Durant will open his new facility Wedesnday while the Warriors are in Washington, D.C. to play the Wizards.

Golden State small forward Kevin Durant will open "The Durant Center" on Wednesday– a new facility in his hometown of Prince George County, Md. that is aimed at helping low-income and underserved students enroll and graduate from college.

The after-school center will open with an inaugural class of 69 local students, who will be offered various academic, financial and social-emotional resources to aid college and career development. The center was created in partnership with College Track, an organization that uses a 10-year plan to help students from their early teenage years through college graduation by providing tutoring services and funds for college scholarships. 

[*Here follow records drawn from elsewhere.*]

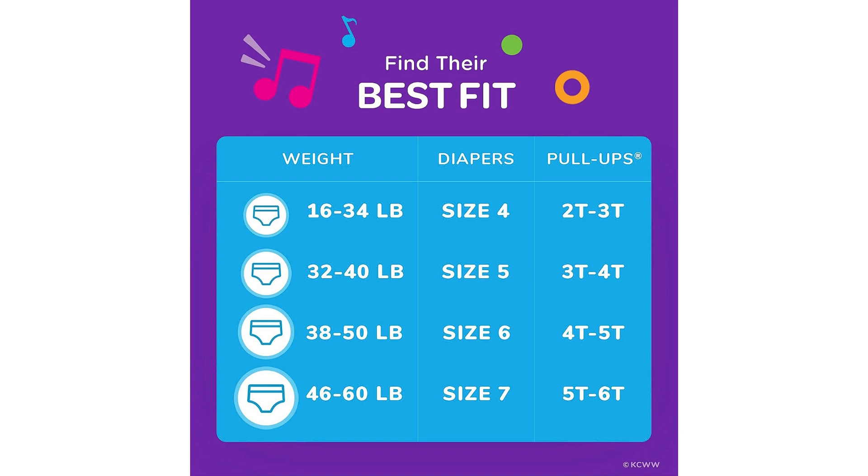Lastly, the pack size of 23 is convenient and provides good value for money. It ensures that I have an ample supply of training pants without having to constantly restock.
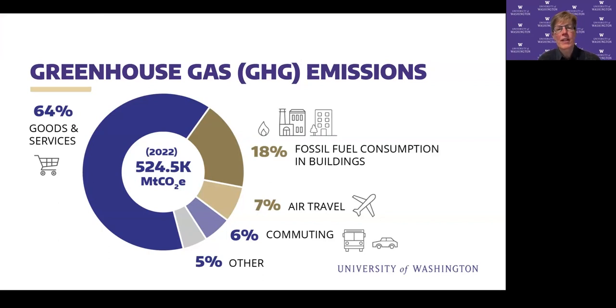What you're looking at right now is a breakdown of our emissions for 2022. We also looked at 2019 and then compared to our 2005 inventory. You might immediately notice the largest percentage is from goods and services purchased — this is the first year we've done that. More traditionally, we look at fossil fuel consumption in buildings, mostly burning fossil fuels to heat space and water. Air travel, commuting, and a 5% 'other' category that includes fugitive emissions are also shown, along with electricity — which is very low — and fleet.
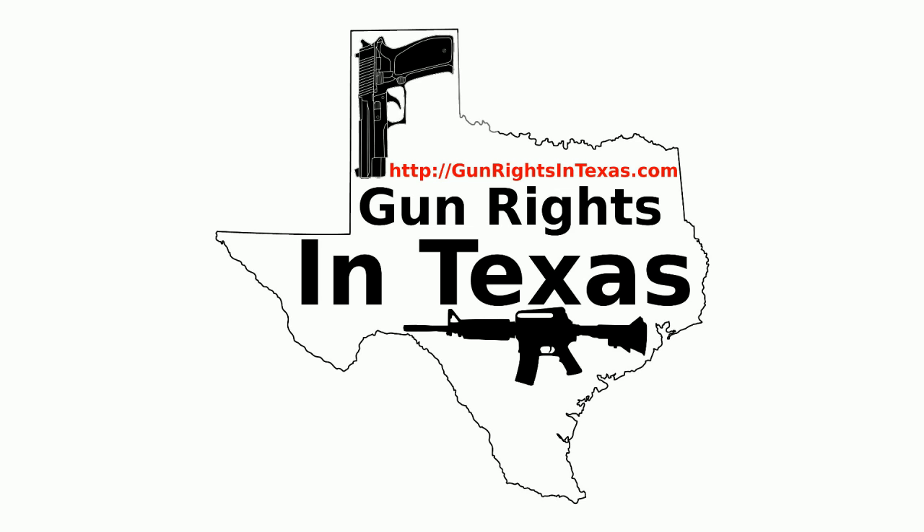If you want to contact the podcast, please send email to aaron@gunrightsintexas.com, or leave a comment on the webpage at gunrightsintexas.com. If you want to leave a voicemail and be featured on the show, please dial 409-292-6736.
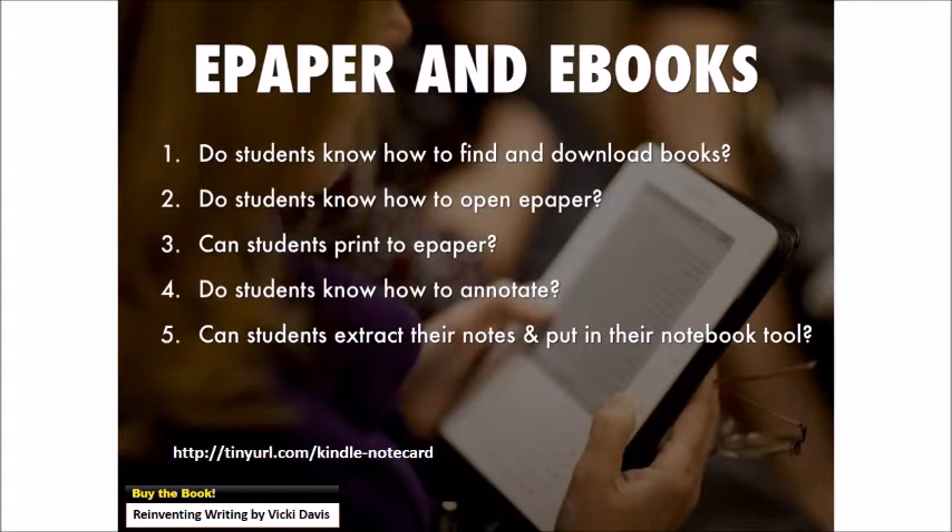There are five things students really need to know. Do they know how to find and download books? Do they know how to open e-paper? Can they print to e-paper no matter what document they're in? Do they know how to annotate, and can they take those notes out of their e-book or e-paper and put them into their notebook tools so they can be used later?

The nine-time NBA All-Star has pledged $10 million to College Track over the program's first decade. Durant decided to collaborate with the organization after visiting a College Track center in Oakland, Calif. The Durant Center will open as home to College Track's first site on the East Coast.

“It wasn’t so much that he didn’t want to do something in the Bay,” Elissa Salas, College Track’s chief executive said. “But he was looking to really invest really deeply in his home community.”

The center will officially open on Wednesday, while the Warriors (33–14) are in Durant's native Washington, D.C. for Thursday's game against the Wizards. 

"The full circle stuff that you dream about,” Durant told the Washington Post. “So many people that meant so much to me at that time, and to see my name on the building. Hopefully that inspires kids in the area."

The education center that now bears his name isn't Durant's only hometown investment. The 30-year-old superstar has also donated nearly $60,000 for new basketball courts as Seat Pleasant Rec Center, where he learned to play basketball as a child.

Between his coaches and Taras Brown, who oversaw the Rec Center during Durant's childhood, the two-time NBA Champion had people to look up to and learn from. Durant said giving that to other low-income children from his area was his goal in creating the center and investing in new courts.

"At an early age, I started to realize how much this [basketball] will alter and change my life,” Durant told the Mercury News. “I had so many people that made sure I was focused, determined and disciplined with the task at hand. I wanted other kids to have the same type of every-day discipline.”